- Exercise
Print, exactly as they stand, the lines below from the one that has "The FollowSymLinks option" to the one that has "This is a biopsy-proven", inclusive, leaving out the pictures.

-- Record excerpts follows --

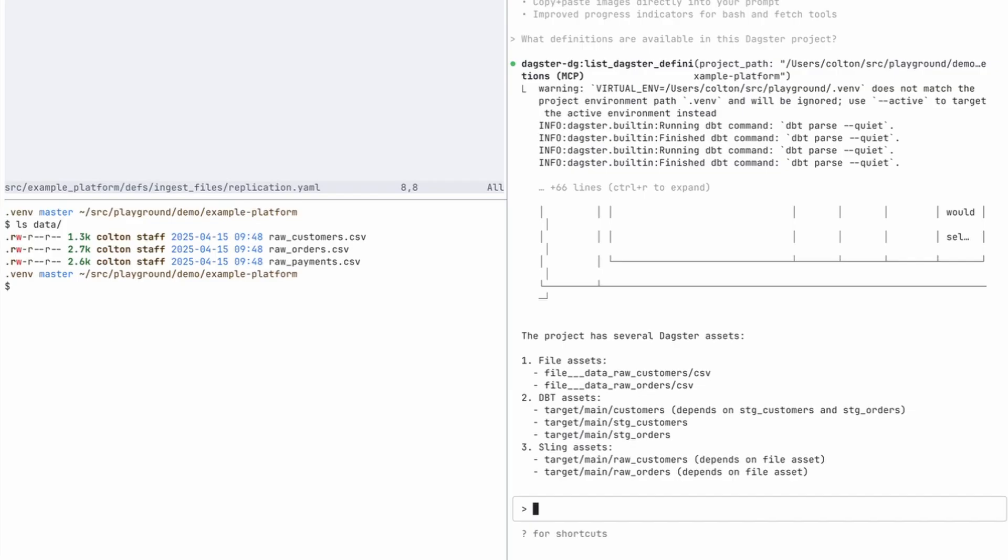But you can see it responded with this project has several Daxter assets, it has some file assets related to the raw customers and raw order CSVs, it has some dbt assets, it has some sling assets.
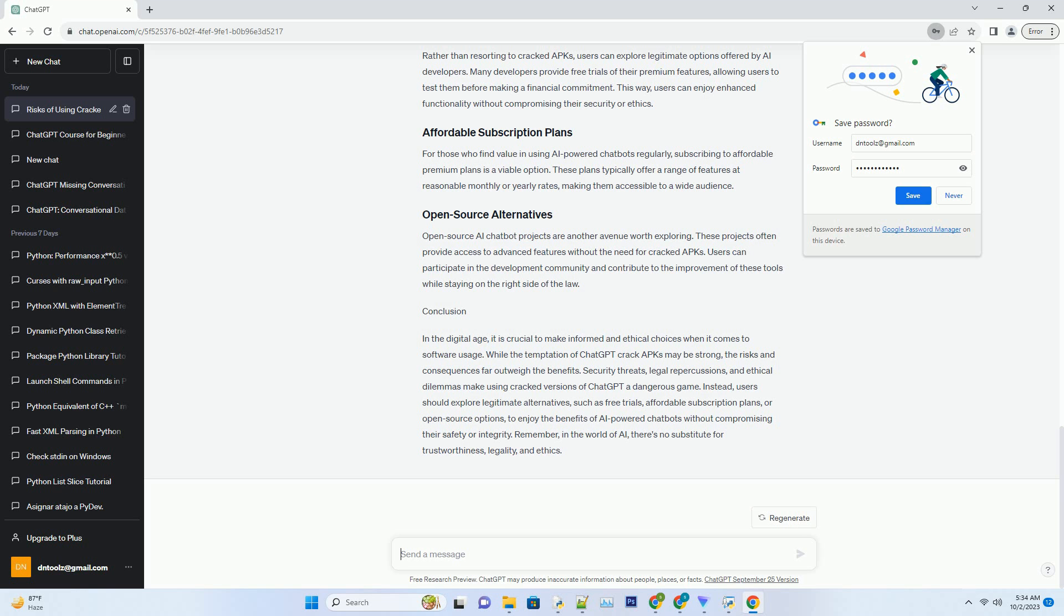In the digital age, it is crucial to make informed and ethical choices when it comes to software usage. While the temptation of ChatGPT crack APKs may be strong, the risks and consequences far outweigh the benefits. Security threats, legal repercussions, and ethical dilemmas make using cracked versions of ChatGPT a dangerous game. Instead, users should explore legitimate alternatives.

-- Record excerpts concluded --
-- Record excerpts follows --

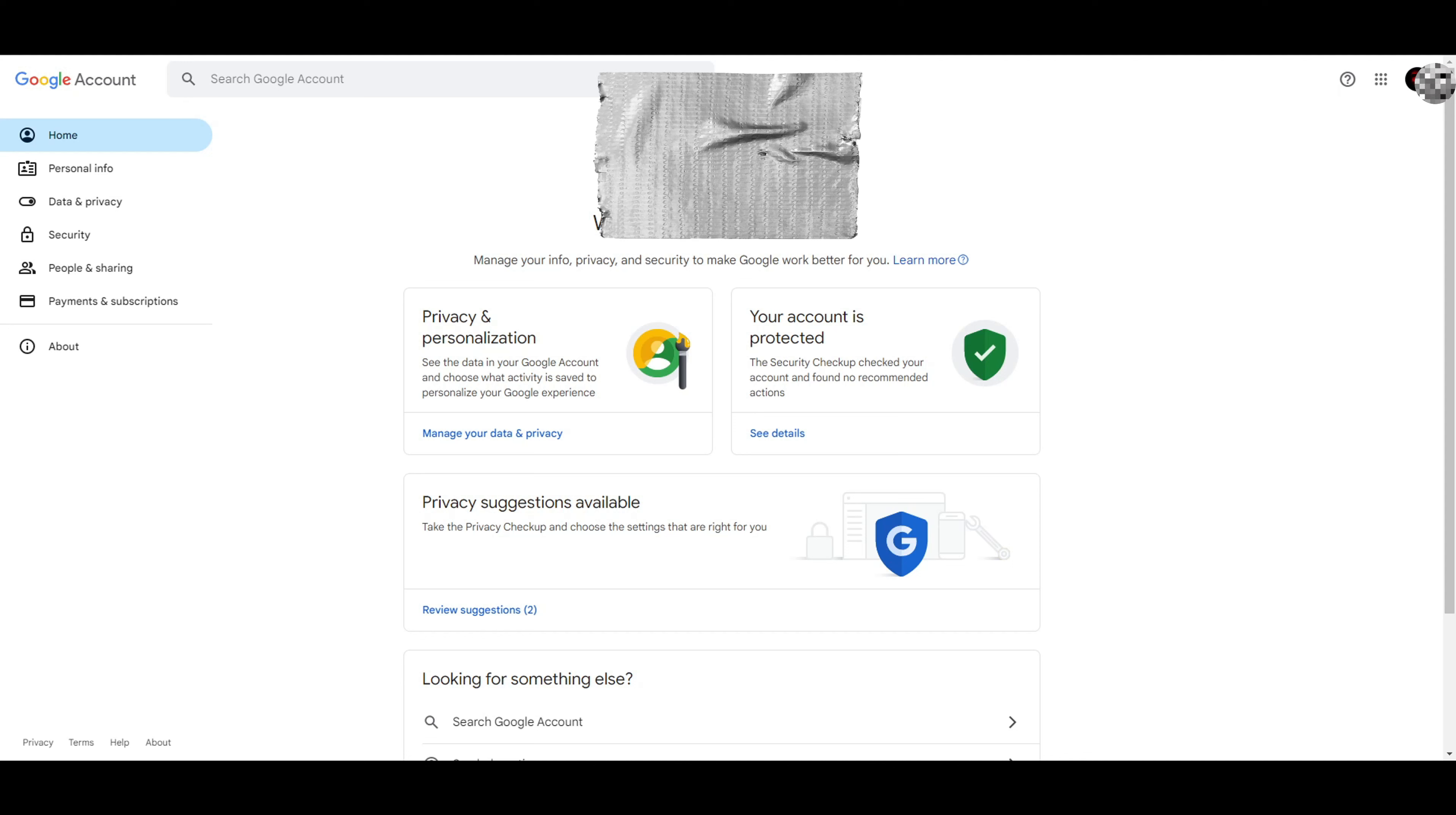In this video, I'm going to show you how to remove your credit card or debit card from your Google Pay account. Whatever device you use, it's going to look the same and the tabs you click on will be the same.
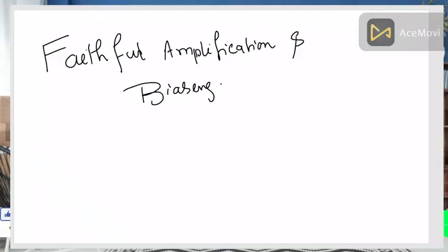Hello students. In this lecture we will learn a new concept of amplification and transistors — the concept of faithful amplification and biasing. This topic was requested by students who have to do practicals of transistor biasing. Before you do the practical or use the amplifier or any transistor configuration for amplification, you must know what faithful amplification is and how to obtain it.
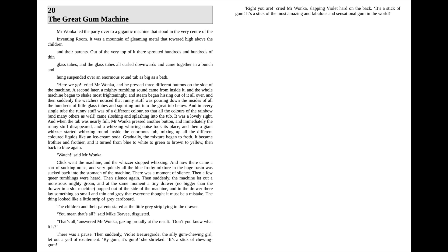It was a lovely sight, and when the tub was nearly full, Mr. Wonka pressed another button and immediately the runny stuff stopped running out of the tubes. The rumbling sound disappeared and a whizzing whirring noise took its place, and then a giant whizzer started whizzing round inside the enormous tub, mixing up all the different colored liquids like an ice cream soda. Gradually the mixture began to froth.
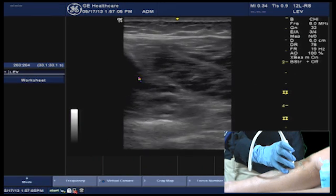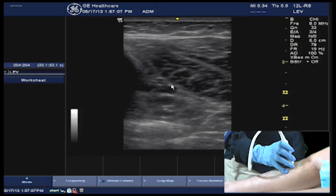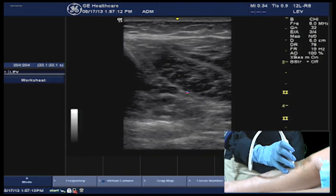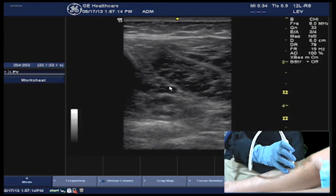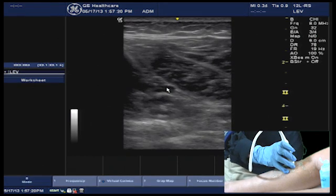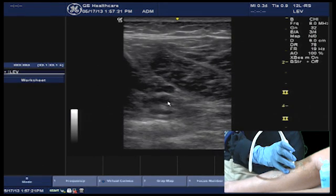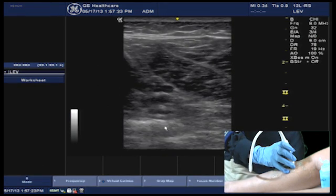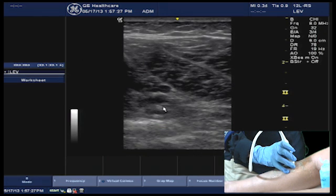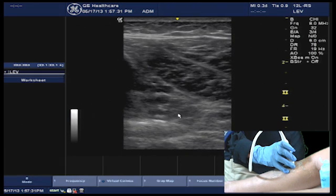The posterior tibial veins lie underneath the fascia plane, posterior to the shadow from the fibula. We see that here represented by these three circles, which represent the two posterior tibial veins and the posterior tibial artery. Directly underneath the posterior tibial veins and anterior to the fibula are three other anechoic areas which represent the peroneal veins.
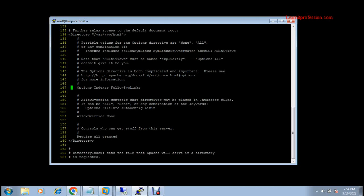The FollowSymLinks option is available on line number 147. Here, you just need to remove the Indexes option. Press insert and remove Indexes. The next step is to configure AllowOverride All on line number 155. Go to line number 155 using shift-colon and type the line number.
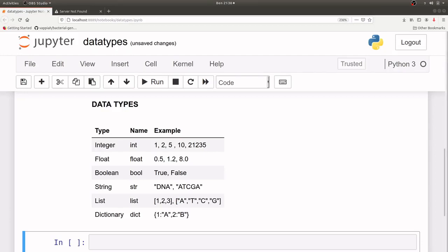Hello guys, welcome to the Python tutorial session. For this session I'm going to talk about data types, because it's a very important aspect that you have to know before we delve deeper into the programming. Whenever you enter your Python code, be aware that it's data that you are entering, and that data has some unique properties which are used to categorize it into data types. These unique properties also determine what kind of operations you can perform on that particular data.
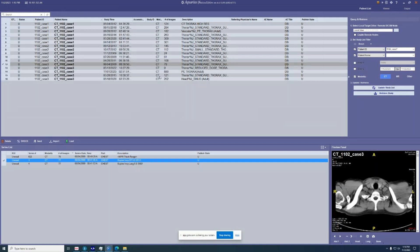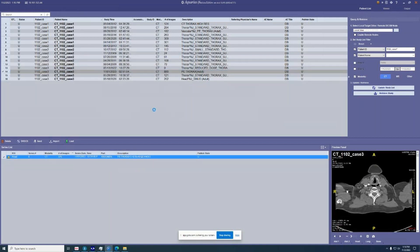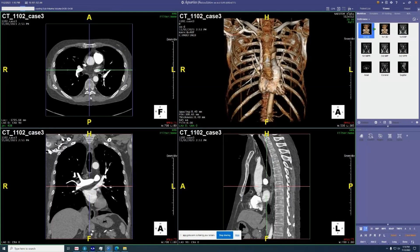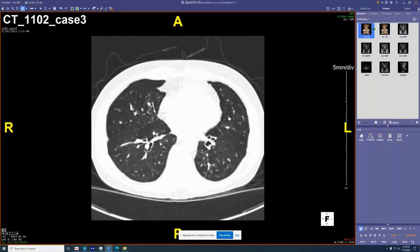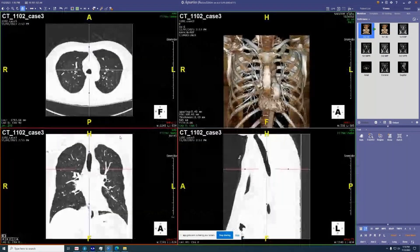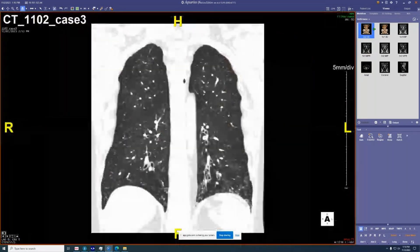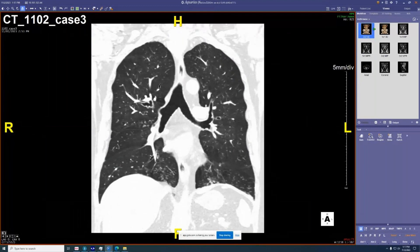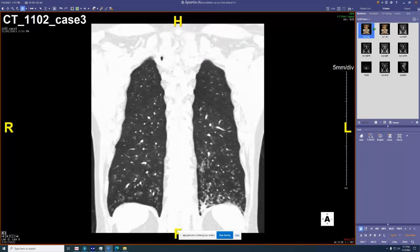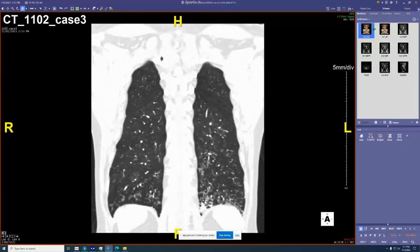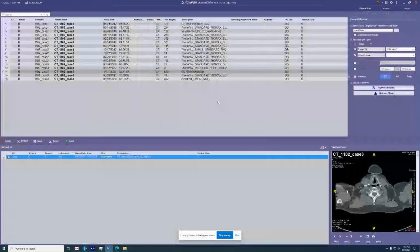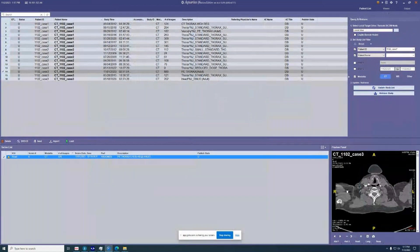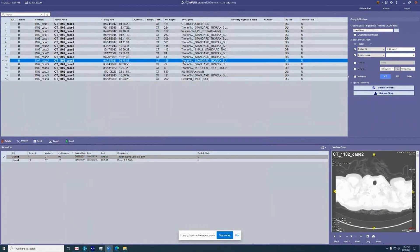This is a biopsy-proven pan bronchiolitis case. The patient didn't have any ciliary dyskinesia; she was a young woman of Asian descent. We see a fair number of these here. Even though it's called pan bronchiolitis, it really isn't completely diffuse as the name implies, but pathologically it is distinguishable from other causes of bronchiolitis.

-- Record excerpts concluded --

- Answer box
The FollowSymLinks option is available on line number 147. Here, you just need to remove the Indexes option. Press insert and remove Indexes. The next step is to configure AllowOverride All on line number 155. Go to line number 155 using shift-colon and type the line number.
Hello guys, welcome to the Python tutorial session. For this session I'm going to talk about data types, because it's a very important aspect that you have to know before we delve deeper into the programming. Whenever you enter your Python code, be aware that it's data that you are entering, and that data has some unique properties which are used to categorize it into data types. These unique properties also determine what kind of operations you can perform on that particular data.
This is a biopsy-proven pan bronchiolitis case. The patient didn't have any ciliary dyskinesia; she was a young woman of Asian descent. We see a fair number of these here. Even though it's called pan bronchiolitis, it really isn't completely diffuse as the name implies, but pathologically it is distinguishable from other causes of bronchiolitis.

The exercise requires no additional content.